Outro que sacode o coreto dos contentes é o maestro norte-americano Robert Treviño, 36 anos, velho conhecido do público paulistano. Chegou a fazer campanha para suceder a Marin Alsop. Foi preterido, mas continua bem-vindo. Já regeu a Osesp em 2018 e 2019 – e, em abril próximo, retorna ao pódio da Sala São Paulo para reger um concerto convencional: a abertura de Il guarany, de Carlos Gomes; o Concerto nº 1 para piano e orquestra, de Sergei Prokofiev (solista: Alexander Gabrylyuk); e a Sinfonia doméstica, de Richard Strauss.
Não escrevi “convencional” por acaso. Treviño publicou no início de fevereiro um artigo intitulado “Secret Symphonies: Reimagining the Classical Concert Experience” (Sinfonias secretas: reimaginando a experiência do concerto clássico), que pode ser acessado no portal da revista inglesa Gramophone. Escrito na primeira pessoa, narra sua experiência de conceber e realizar uma série de concertos diferente com a Orquestra Nacional do País Basco, da qual é diretor musical. O programa foi guardado a sete chaves, permaneceu secreto. “Foi um sucesso sensacional”, escreve o maestro, “mas nenhum de nós podia avaliar o tamanho do risco que corremos”.
Trocando em miúdos. O concerto transformou-se em algo absolutamente previsível – jamais oferece surpresas ao público. A menos que um instrumento se quebre, alguém erre primariamente ou que estejamos diante de uma Yuja Wang, tudo acontece de acordo com o previsto. E quando não há roteiro? Treviño teve a ideia ao visitar o restaurante Bloom in the Park, na cidade sueca de Malmö (ele também é diretor musical da orquestra local). “Você se senta e diz ao garçom quais são suas alergias. Logo começam a chegar os pratos, e eles não dizem o que você está comendo. Você simplesmente experimenta a comida.”
Um concerto assim realizado impede, por exemplo, que parte do público não vá a determinada apresentação só porque há uma peça contemporânea ou uma obra que, mesmo convencional, não seja conhecida. É preciso, como escreve Treviño, fugir do “pré-julgamento” do público. Há anos ele tenta algo diferente, mas sempre esbarrou no conservadorismo da equipe das orquestras. O raciocínio é: se você confia na orquestra e no maestro, então vá ao concerto. “Substituí o conceito de expectativa pelo de pura experiência.”

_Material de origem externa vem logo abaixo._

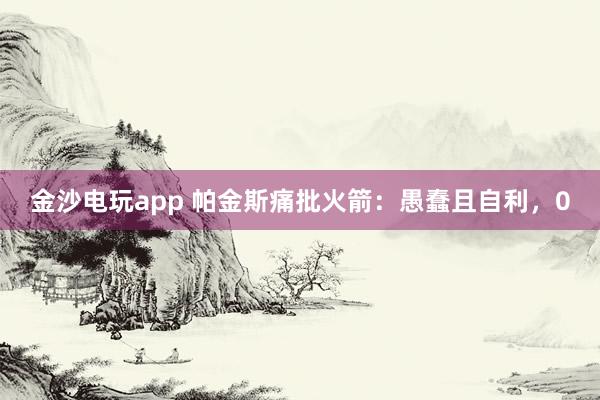 金沙电玩app 帕金斯痛批火箭：愚蠢且自利，0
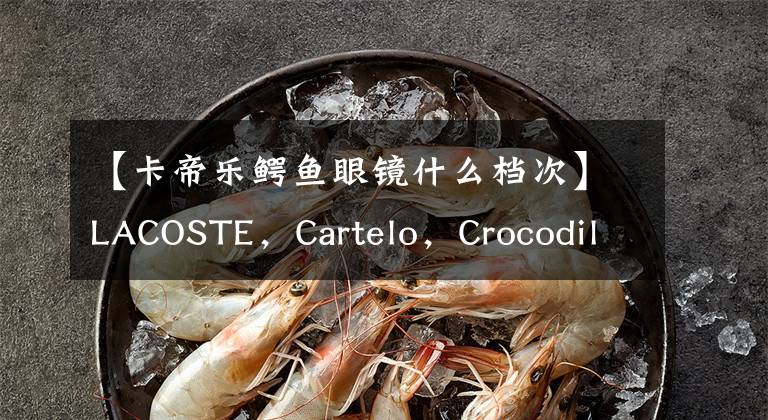 【卡帝乐鳄鱼眼镜什么档次】LACOSTE，Cartelo，Crocodile，到底哪个才是真正的鳄鱼？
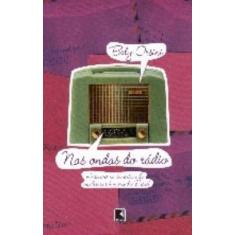 Imagem de Nas Ondas do Rádio - Histórias Sentimentais de Homens e Mulheres do Brasil - Orsini, Elisabeth - 9788501071484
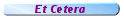 Et Cetera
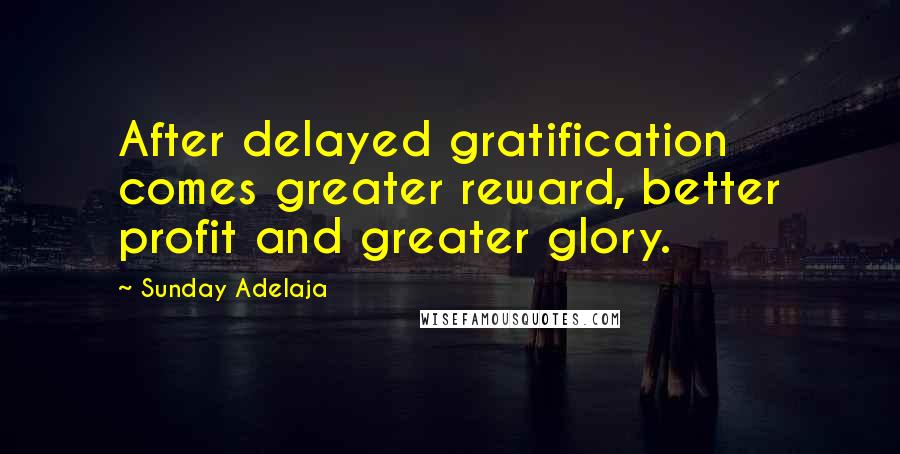 Sunday Adelaja Quotes: After delayed gratification comes greater reward, better profit and greater glory.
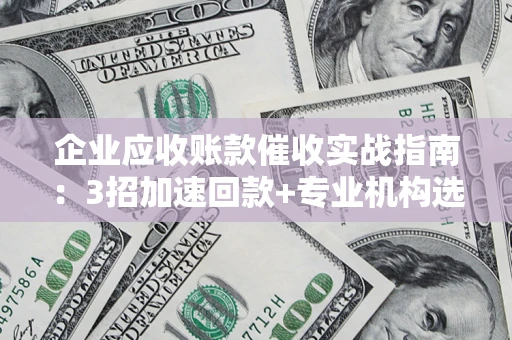 武汉企业应收账款催收实战指南：3招加速回款+专业机构选择避坑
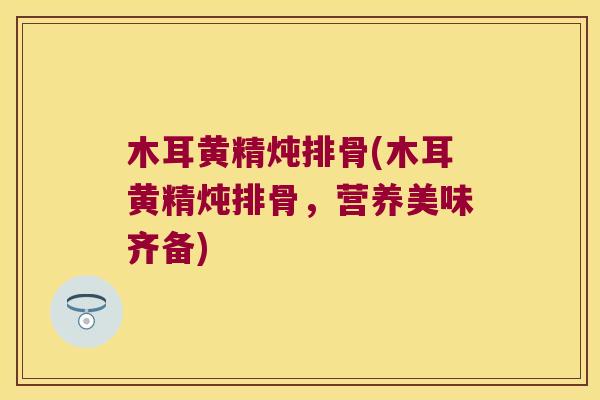 木耳黄精炖排骨(木耳黄精炖排骨，营养美味齐备)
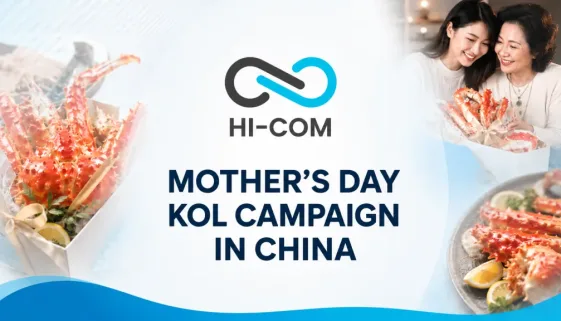 HI-COM Mother's Day KOL campaign in China cover featuring Russian King Crab and a mother-daughter gifting moment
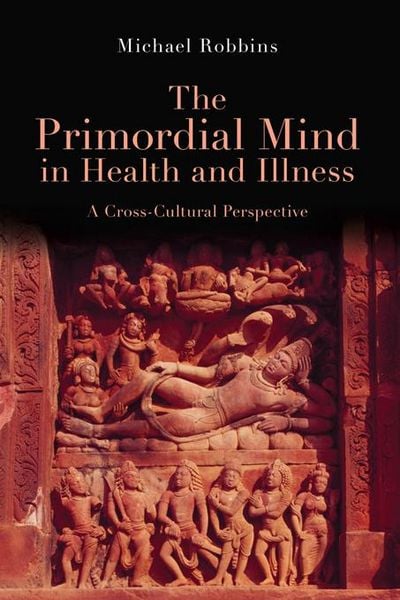 Produktbild: The Primordial Mind in Health and Illness
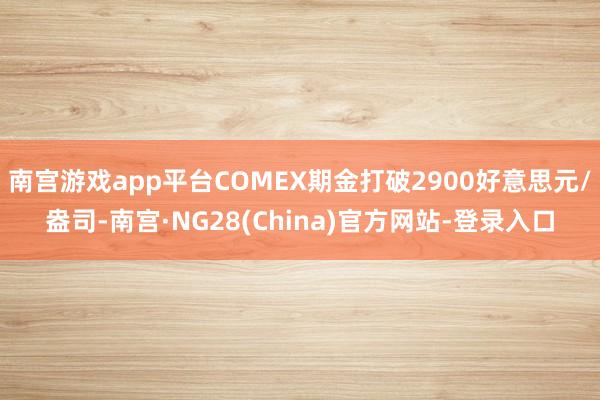 南宫游戏app平台COMEX期金打破2900好意思元/盎司-南宫·NG28(China)官方网站-登录入口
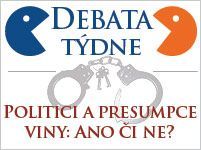 Debata týdne - Politici a presumpce viny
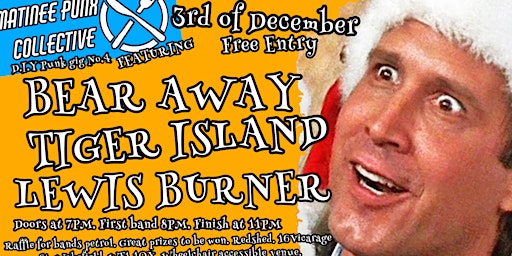 Matinee Punx Present: Bear Away, Lewis Burner and Tiger Island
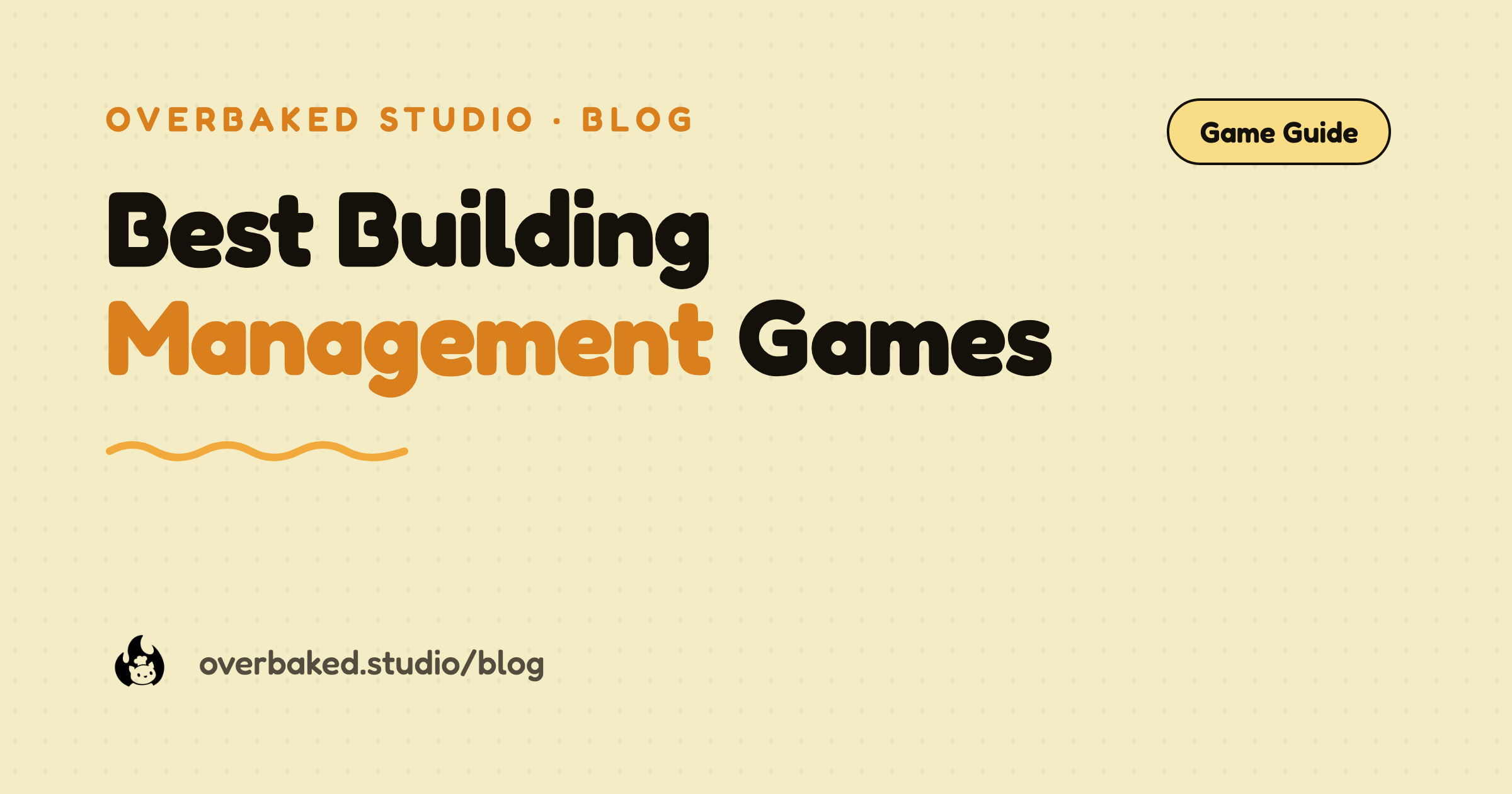 Overbaked Studio blog cover reading Best Building Management Games on a warm cream background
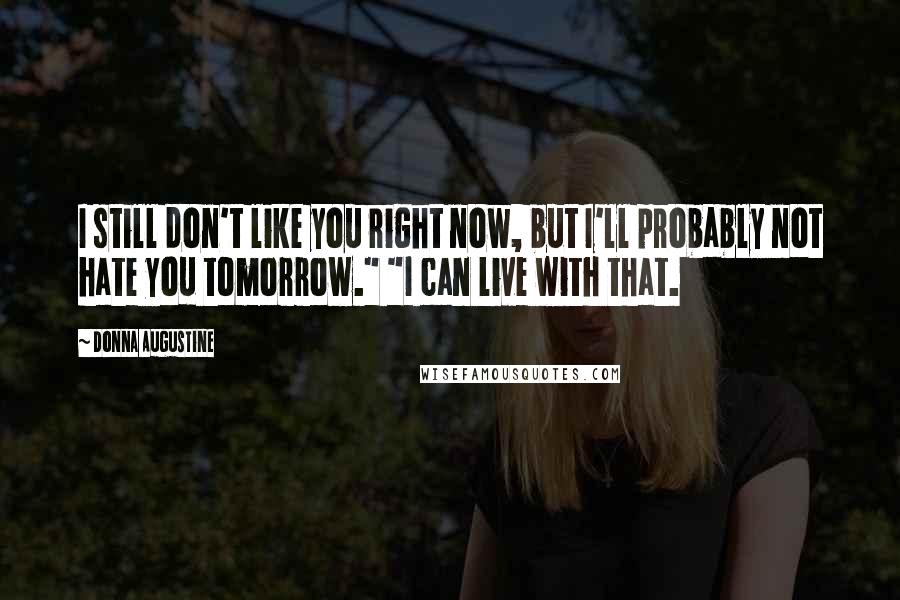 Donna Augustine Quotes: I still don't like you right now, but I'll probably not hate you tomorrow." "I can live with that.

É claro que foi preciso costurar muito bem um pacto entre músicos, equipe da orquestra e mídia local. Treviño conseguiu repetir a experiência quatro vezes no País Basco. Mas não foi um concerto convencional mesmo. Você pode assistir ao vídeo completo do concerto no YouTube via portal da Gramophone. Há um complexo conjunto de ações – iluminação, coreografia dos músicos, que já na entrada chegam ao palco aos naipes – em obra encomendada, com certeza. A certa altura, depois de uma peça sinfônica, apagam-se todas as luzes e o foco à esquerda fica nos seis percussionistas que interpretam Clapping, peça para palmas (isso mesmo) do minimalista Steve Reich. Em outro ponto, como não vai reger a peça, Treviño vai para a plateia e senta-se como espectador… Mais não conto.
Não é algo que se possa repetir. O impacto vale quando se faz da primeira vez. Mas é um modo precioso de nos alertar para o fato de que os concertos são – ou melhor, que cada concerto é – algo a ser experimentado, não apenas conferido pelo público. Experimentar quer dizer participar, compartilhar. Pensem nisso.